Perhaps there is a step we can take toward linked data without making large changes to the existing data stores in government and industry.  Let’s review the principles of Linked Data first (as paraphrased from wikipedia to add clarity):

  • Use URIs (Unique Resource Identifiers) to identify things that you expose to the Web as resources.
  • Use HTTP URIs so that people can locate and look up (dereference) these things.
  • Provide useful information about the resource when its URI is dereferenced.
  • Include links to other, related URIs in the exposed data as a means of improving information discovery on the Web.

The striking thing about these principles is that they don’t mention XML or RDFa etc but focus instead on linking data to definitions.  So it would seem a hybrid solution between the linked data concept and existing databases is possible.  We could add URIs as fields in existing databases for important elements and define a central location where we will track information about that element.  For instance, in the US government there are lots of federal buildings used by multiple agencies.  So I would assume many agencies have databases which refer to federal buildings.  Why not establish a central location to define those buildings and assign each a URI. (A URI by the way is essentially a universal identifier for a real world object.  Essentially it is a web page for each building, but the page would more like contain data links than nice pictures.  (Oh and some people refer to URIs as URNs or Unique Resource Name in an effort to make them more human readable which is nice too) .

So each federal building would have a URI/URN and we could of course put more information about each building in a centrally defined schema, but that will start to be real work and have instant security issues.  So why not initially just have URIs contain recipricol links to databases which also contain that identifier?  The links would have brief non-security breaking descriptions of what type of data is stored in the database which is linked to.    This would remove the need to re-securitize a lot of information to make it cross-department/cross-agency available.   And here is the other key to success for this type of solution: Don’t require the back links to the databases to expose data unless they already do so.   If we start requiring data to be exposed in this step,  it opens up the security pandora’s box.   We need to avoid imposing a new security regime for centralized data,  because it is a stumbling block which would create delays and costs.  And if people do not clearly see the benefits of this step, then it would simply die in committee in most cases.

So that is fine you say.  We have URIs for important data elements and for databases which contain those elements but it is not exposing data,  so where is the benefit?  I think this stripped down version of linked data would have 4 definite benefits:

  • Reference.  The URIs could serve as reference documents to find where similar information is stored.
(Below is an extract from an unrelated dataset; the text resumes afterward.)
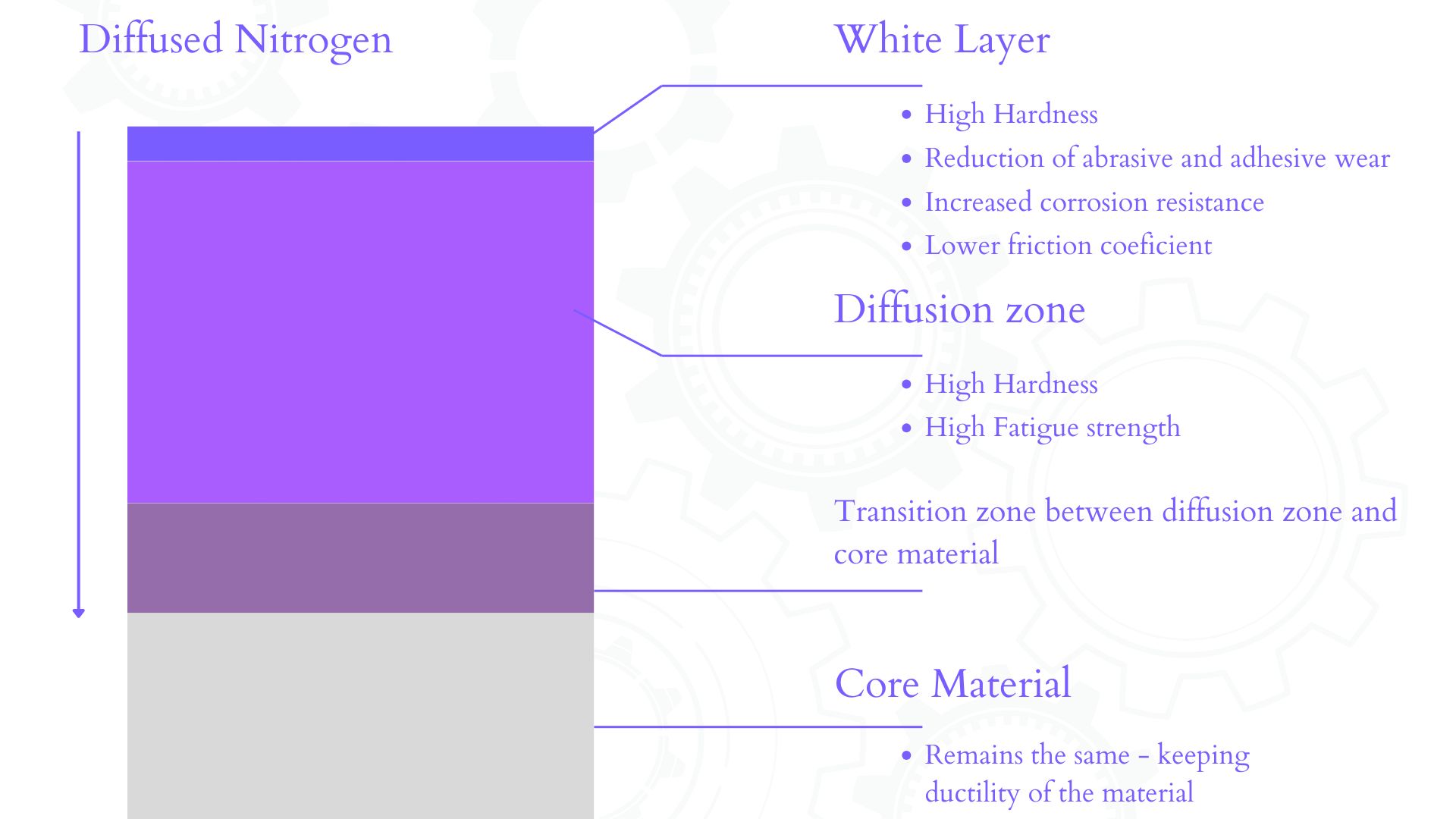 Nitrided layers after Ion Plasma Nitriding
Users could then apply for security permissions on an as needed basis when they need to link to other databases.
  • Innovation.  Users, who would now have a more complete map of available data could be begin to suggest more uses for linking the data.
  • Discoverability.  Search engines (internal or external depending on the security decided upon for the URNs) could make existing databases more discoverable because the engines could discover  important data elements in the databases.  Search engines make use of links to discoverable relevance to searches and are often key to researching problems .
  • Interoperability.  The process of assigning URIs will begin to expose problems in data interoperability due to different definitions in different databases. The URI map would serve as a survey of issues in creating truly interoperable data.

So now the readers of this blog are in at least 2 camps.

  • Those who feel this is a half measure and would be a distraction from advocating for more completely linked data.
  • Those who are still not clear on the benefits of bothering to start the process of linking data at all.

I am hoping there is a third camp which sees this as a doable step in large enterprises such as the US government.  And that it would be the first step toward data which is more linked and therefore more usable for both public and internal uses, and eventually interoperable.

Let me know which camp you are in!

Advertisements

The future of the internet will involve more authentication than it does today but here is a potential interim solution to provide some level of authentication for Gov 2.0 presence on online social networks such as facebook and twitter. standard policy of having a reciprocal link back to a facebook fan page or twitter account on a .Gov/.Mil website which the social network page points to could be a simple interim solution. I call it Reciprocal Link Authentication.

Government 2.0 includes a government presence on non-government websites such as online social networks (OSNs) (think facebook fan pages and twitter accounts) so that citizen’s can encounter government guidance and assistance where they ‘live’ in cyberspace.  But how can citizens be certain that the government account/representative is authentic?    If you run into someone in the street and they say they are working for the government, how do you know for certain?  They provide you will a badge or ID right at the beginning of the conversation.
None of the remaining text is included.